PROVIDED MATERIAL:
☆ ☆ ☆ ☆ ☆

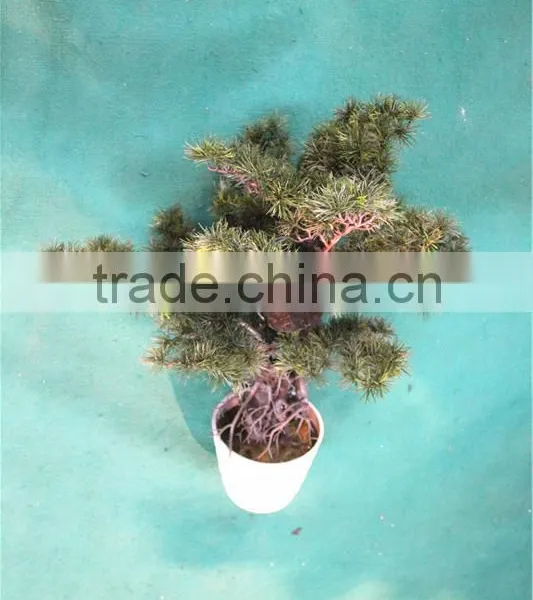 Home Garden Decoration 50cm to 160 cm Hight Small Indoor Canadian Artificial Green Pot Plastic Similar Pine Trees ELSPZ02 0906 photo-3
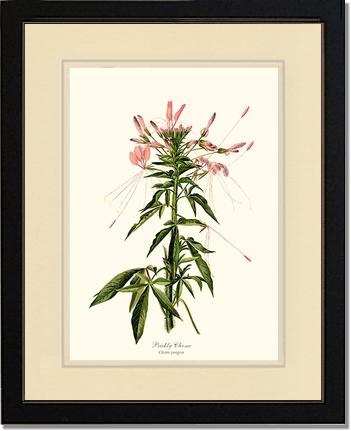 Cleome, Prickly | Flower/Floral Art Print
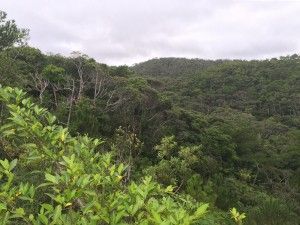 El nord d’Okinawa: del aquari de Churaumi fins al Cap Hedo – 沖縄の北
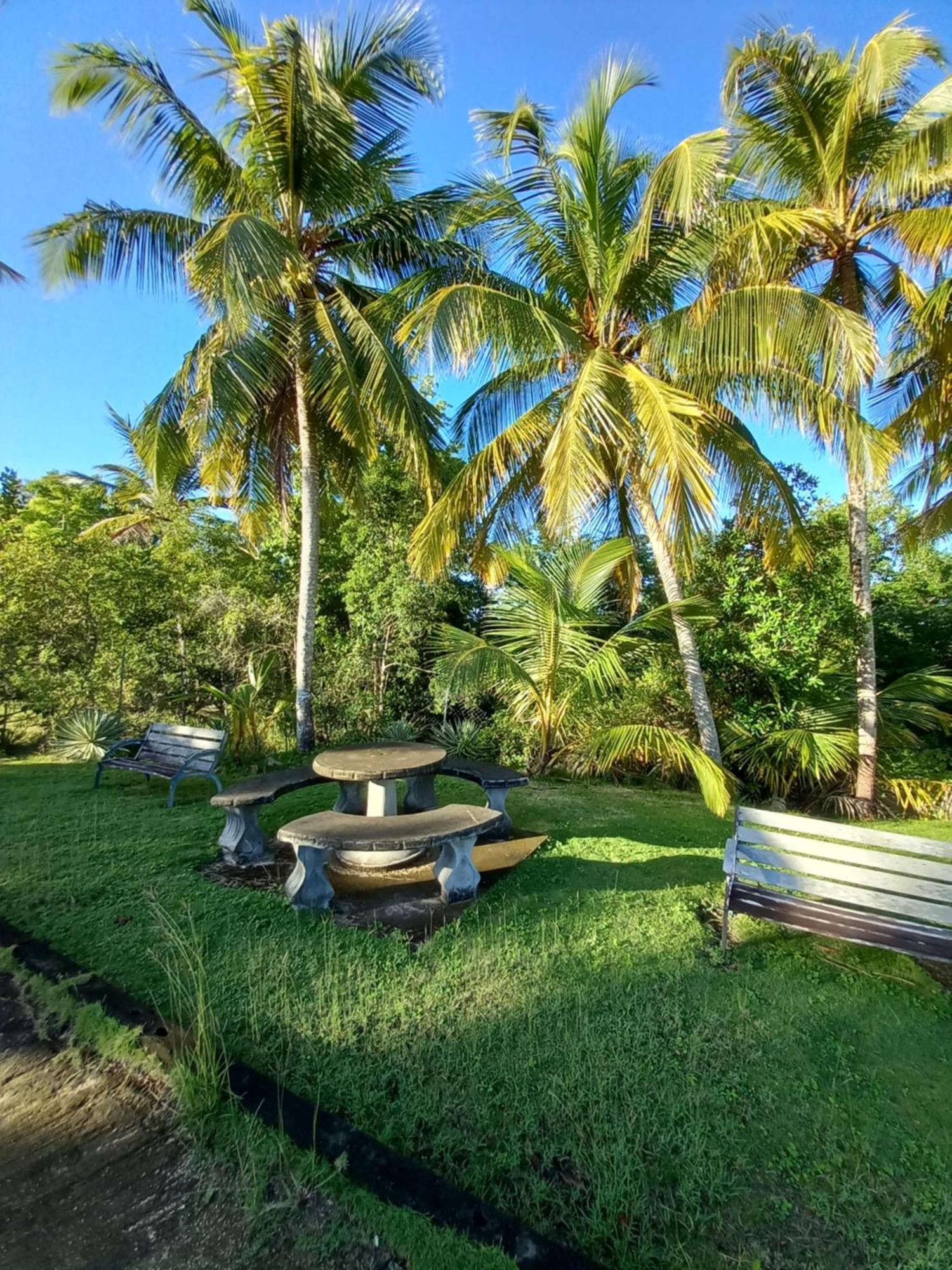 La Maison D'a Cote Hébergement de vacances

☆ ☆ ☆ ☆ ☆

YOUR INSTRUCTIONS:
Every line of the material must be reproduced verbatim; the pictures are to be omitted.

TASK OUTPUT:
 Home Garden Decoration 50cm to 160 cm Hight Small Indoor Canadian Artificial Green Pot Plastic Similar Pine Trees ELSPZ02 0906 photo-3
 Cleome, Prickly | Flower/Floral Art Print
 El nord d’Okinawa: del aquari de Churaumi fins al Cap Hedo – 沖縄の北
 La Maison D'a Cote Hébergement de vacances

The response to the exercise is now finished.